-- THE RECORDS follows --
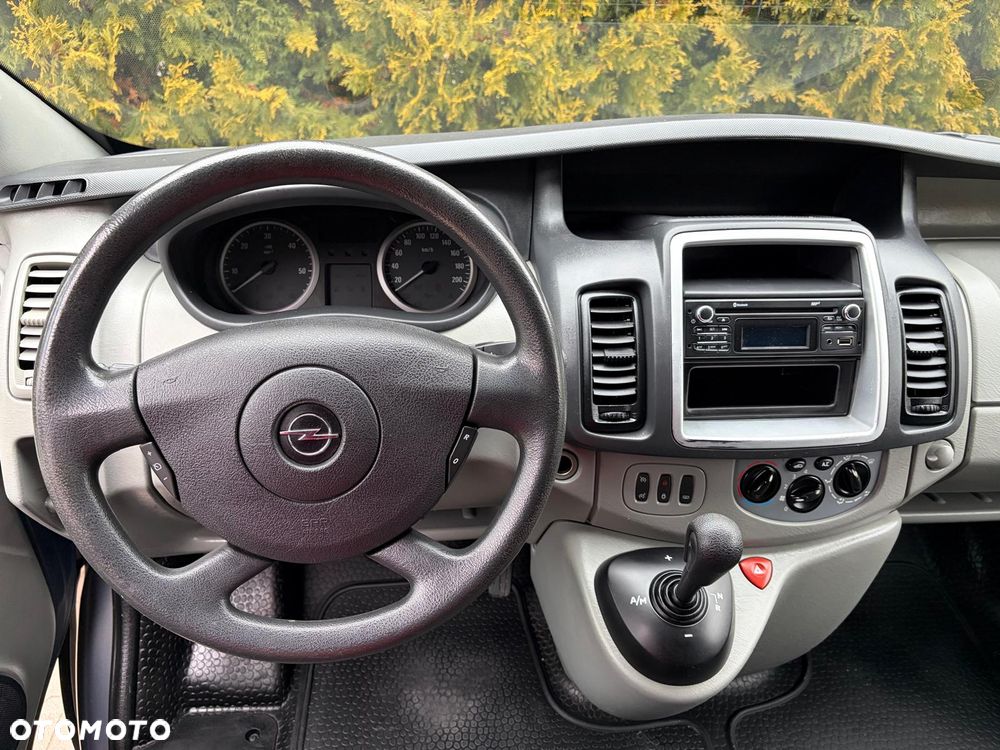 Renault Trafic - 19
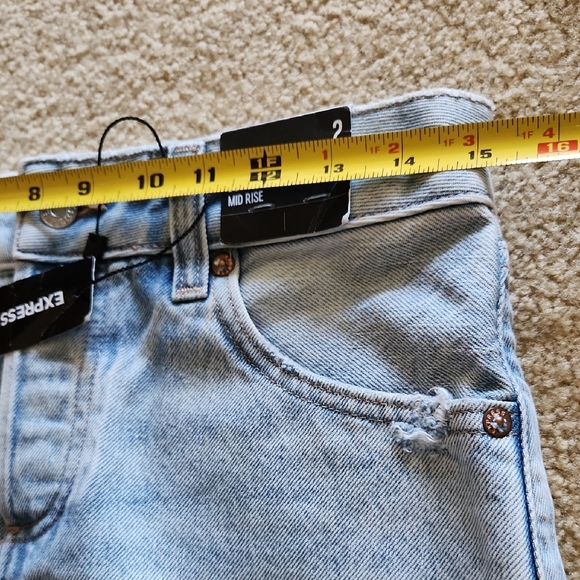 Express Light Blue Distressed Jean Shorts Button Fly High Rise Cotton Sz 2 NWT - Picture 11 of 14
-- THE RECORDS concluded --
-- THE RECORDS follows --
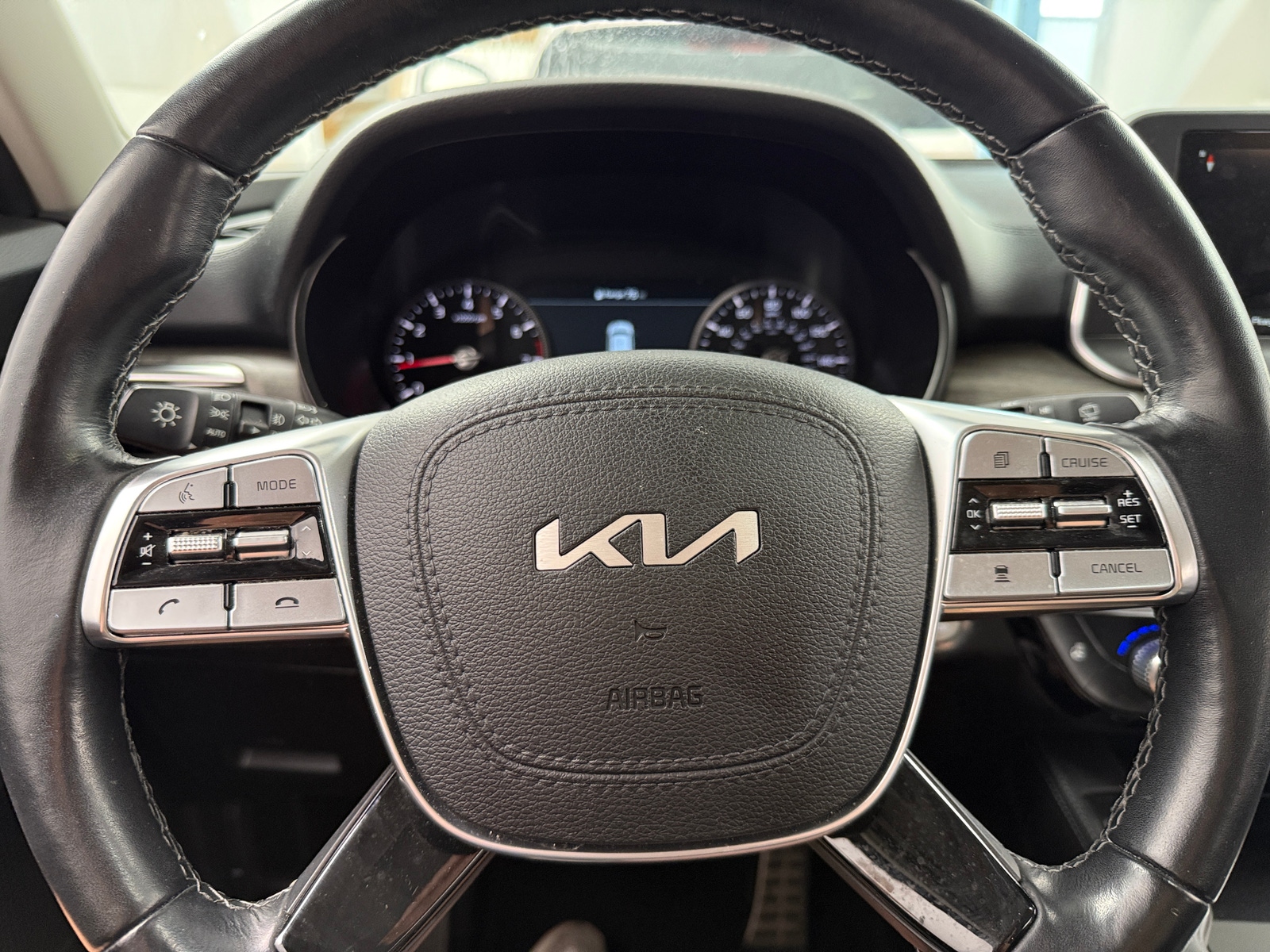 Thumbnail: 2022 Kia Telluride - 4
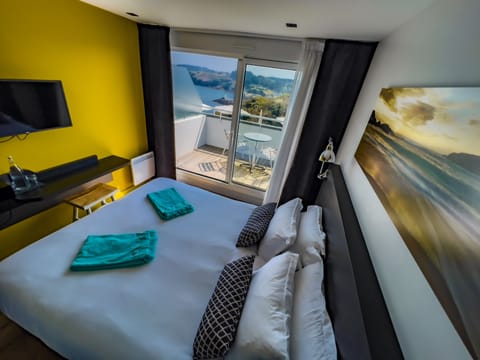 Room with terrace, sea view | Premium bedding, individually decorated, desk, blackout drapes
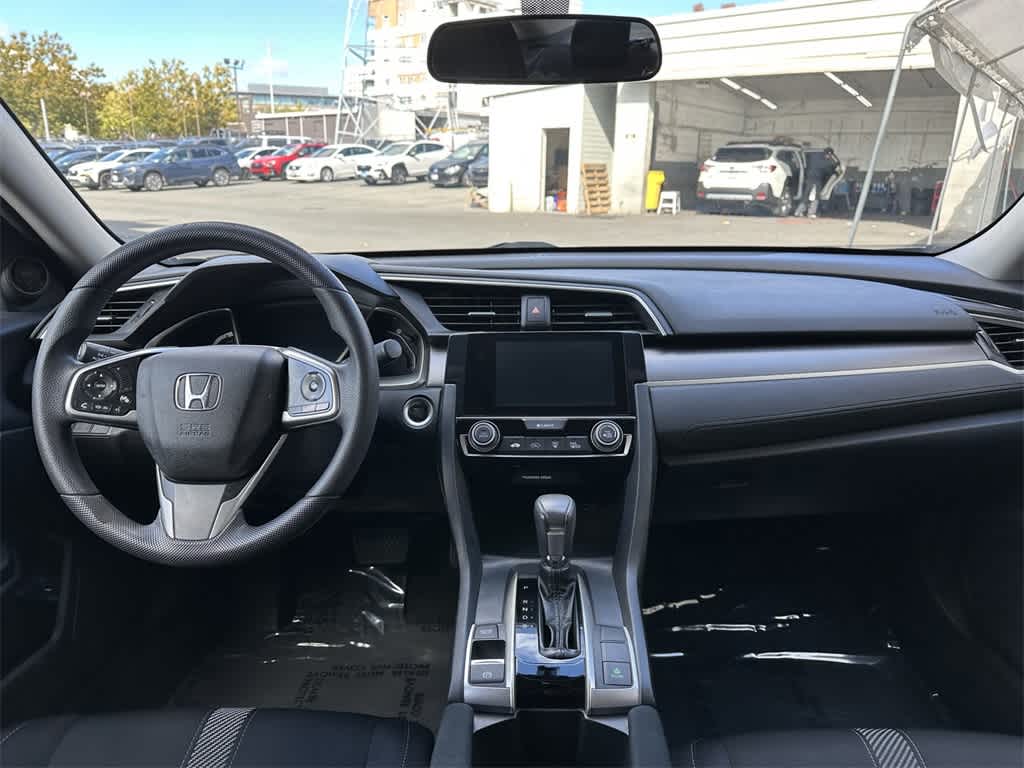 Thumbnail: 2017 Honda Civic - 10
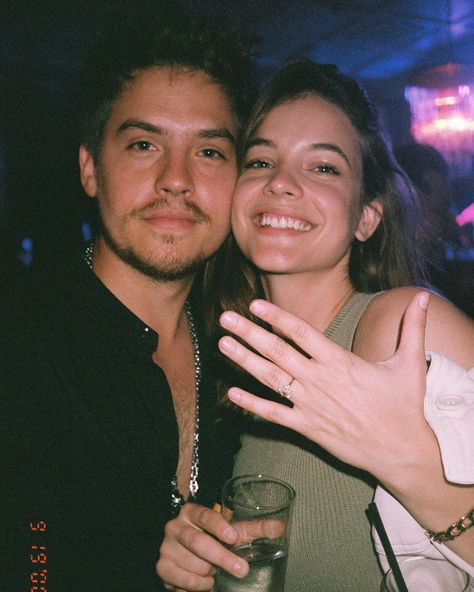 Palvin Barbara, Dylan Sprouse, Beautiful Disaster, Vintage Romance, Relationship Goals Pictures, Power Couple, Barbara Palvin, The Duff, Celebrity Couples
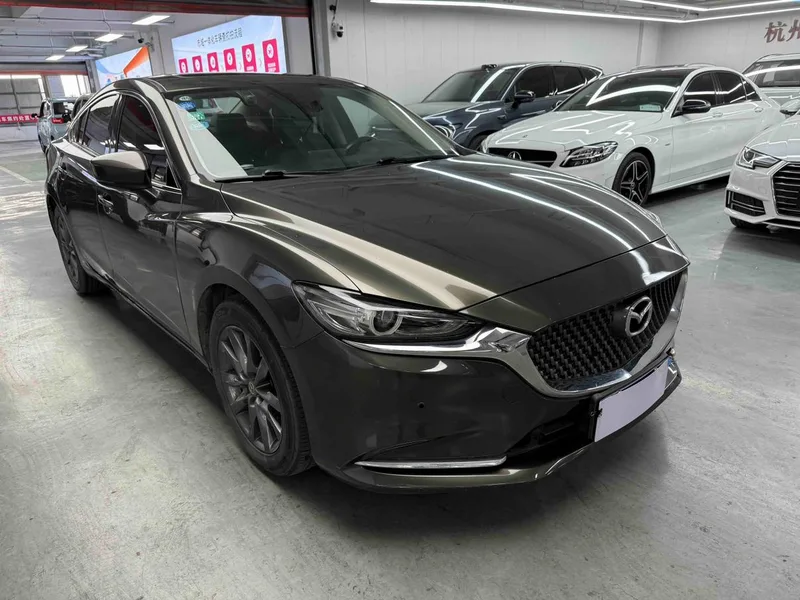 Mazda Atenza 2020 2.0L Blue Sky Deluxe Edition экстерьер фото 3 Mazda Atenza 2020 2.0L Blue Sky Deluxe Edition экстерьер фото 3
-- THE RECORDS concluded --
■ **TRY IT**: Copy nothing but the lines above that run from the one with "Renault Trafic - 19" to the one with "Express Light Blue", ends included; pictures stay out.

■ **YOUR SOLUTION**:
 Renault Trafic - 19
 Express Light Blue Distressed Jean Shorts Button Fly High Rise Cotton Sz 2 NWT - Picture 11 of 14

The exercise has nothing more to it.